This seems to imply that $T(n)$-locally, the diagonal maps of infinite loop spaces appear trivial in that they can't be detected by the cofiber.
I am wondering if this conclusion is correct, or if I have an error. I originally asked this question rationally, but figured I'd ask it in the $T(n)$-local category since it also applies there.
 A: This is an elaboration on my comment above. Let us consider the natural transformation induced by the diagonal
$$\Sigma^\infty\Delta\colon \Sigma^\infty X \to \Sigma^\infty X\wedge X.$$
The natural transformation $\Sigma^\infty \Delta$ induces a map between the Goodwillie derivatives of the functors. Let us denote this induced map by
$\partial_*\Sigma^\infty\Delta\colon \partial_* \Sigma^\infty\to \partial_* \Sigma^\infty \mbox{Sq}$. Here Sq denotes the functor Sq$(X)=X\wedge X$. The question is what is $\partial_*\Sigma^\infty\Delta$, and in particular if it can be non-trivial.
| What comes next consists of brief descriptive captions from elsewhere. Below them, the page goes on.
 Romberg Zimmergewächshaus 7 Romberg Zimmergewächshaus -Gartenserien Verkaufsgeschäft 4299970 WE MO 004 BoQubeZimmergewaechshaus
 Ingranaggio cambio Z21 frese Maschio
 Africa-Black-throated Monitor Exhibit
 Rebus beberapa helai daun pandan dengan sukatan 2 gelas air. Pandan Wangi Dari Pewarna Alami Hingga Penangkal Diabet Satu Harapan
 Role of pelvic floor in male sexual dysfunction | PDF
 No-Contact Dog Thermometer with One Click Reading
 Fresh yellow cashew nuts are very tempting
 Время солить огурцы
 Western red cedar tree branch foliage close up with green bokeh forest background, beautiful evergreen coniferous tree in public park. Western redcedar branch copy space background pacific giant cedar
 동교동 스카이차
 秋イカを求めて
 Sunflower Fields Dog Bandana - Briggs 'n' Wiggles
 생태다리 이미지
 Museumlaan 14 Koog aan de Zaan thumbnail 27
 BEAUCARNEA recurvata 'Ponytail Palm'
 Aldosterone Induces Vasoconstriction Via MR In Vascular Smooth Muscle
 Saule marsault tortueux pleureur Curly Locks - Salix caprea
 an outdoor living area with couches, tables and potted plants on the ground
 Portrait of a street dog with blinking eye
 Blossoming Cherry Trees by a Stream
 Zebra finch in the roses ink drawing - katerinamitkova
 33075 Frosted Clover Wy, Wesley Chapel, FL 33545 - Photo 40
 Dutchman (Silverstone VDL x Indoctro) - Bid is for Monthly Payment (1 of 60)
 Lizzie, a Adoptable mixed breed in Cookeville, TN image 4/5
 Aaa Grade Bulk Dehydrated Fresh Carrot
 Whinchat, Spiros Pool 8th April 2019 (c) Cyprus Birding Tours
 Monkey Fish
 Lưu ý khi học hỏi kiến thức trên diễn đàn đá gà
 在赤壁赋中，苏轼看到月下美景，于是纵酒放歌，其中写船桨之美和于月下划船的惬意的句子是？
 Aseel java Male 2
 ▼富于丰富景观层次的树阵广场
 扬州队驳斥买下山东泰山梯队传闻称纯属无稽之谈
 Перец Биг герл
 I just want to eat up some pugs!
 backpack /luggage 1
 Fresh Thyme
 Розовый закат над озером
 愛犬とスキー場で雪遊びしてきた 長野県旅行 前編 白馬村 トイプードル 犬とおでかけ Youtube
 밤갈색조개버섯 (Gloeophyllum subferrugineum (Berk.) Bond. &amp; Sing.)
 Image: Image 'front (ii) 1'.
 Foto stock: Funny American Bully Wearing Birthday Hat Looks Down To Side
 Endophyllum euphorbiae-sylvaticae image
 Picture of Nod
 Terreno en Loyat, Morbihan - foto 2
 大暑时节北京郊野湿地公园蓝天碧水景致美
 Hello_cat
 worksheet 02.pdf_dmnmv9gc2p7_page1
The functor $\Sigma^\infty$ is homogeneous linear, and $\Sigma^\infty$Sq is homogeneous quadratic. So we have the following description of the derivatives as symmetric sequences
$$\partial_*\Sigma^\infty = (\Sigma^\infty S^0, *, *, \ldots, )$$
$$\partial_* \Sigma^\infty\mbox{Sq} = (*, \Sigma^\infty{\Sigma_2}_+, *, *, \ldots, ).$$
The space of maps from $\partial_*\Sigma^\infty$ to $\partial_* \Sigma^\infty\mbox{Sq}$ in the $\infty$-category of symmetric sequences is easily seen to be contractible. So it seems that $\partial_*\Sigma^\infty \Delta$ can only be the trivial map. However, we really are interested in the mapping space in the category of right modules over $\partial_*Id$. Let's see what this means. Let $O=\{O(n)\}$ be an operad in spectra. We consider reduced operads, which means that $O(0)=*$ and $O(1)=\Sigma^\infty S^0$. All our modules are truncated at $2$, so only $O(1)$ and $O(2)$ are relevant. Let $M(1), M(2)$ and $N(1), N(2)$ be (truncated) right modules over $O$. This means that we have $\Sigma_2$-equivariant maps $M(1)\wedge O(2) \to M(2)$ and $N(1)\wedge O(2) \to N(2)$. The mapping spectrum of $O$-module maps from $M$ to $N$ is equivalent to the homotopy pullback of the following diagram
$\require{AMScd}$
$$\begin{CD}
 @. \mbox{Spectra}(M(2), N(2))^{h\Sigma_2}\\
@. @VVV\\
\mbox{Spectra}(M(1), N(1)) @>>> \mbox{Spectra}(M(1)\wedge O(2), N(2))^{h\Sigma_2}
\end{CD}$$
By contrast, the space of maps from $M$ to $N$ in the category of symmetric sequences is the product
$$\mbox{Spectra}(M(1), N(1))\times \mbox{Spectra}(M(2), N(2))^{h\Sigma_2}.$$
There is an obvious forgetful map from the former mapping spectrum to the latter, which sends the middle term to a point.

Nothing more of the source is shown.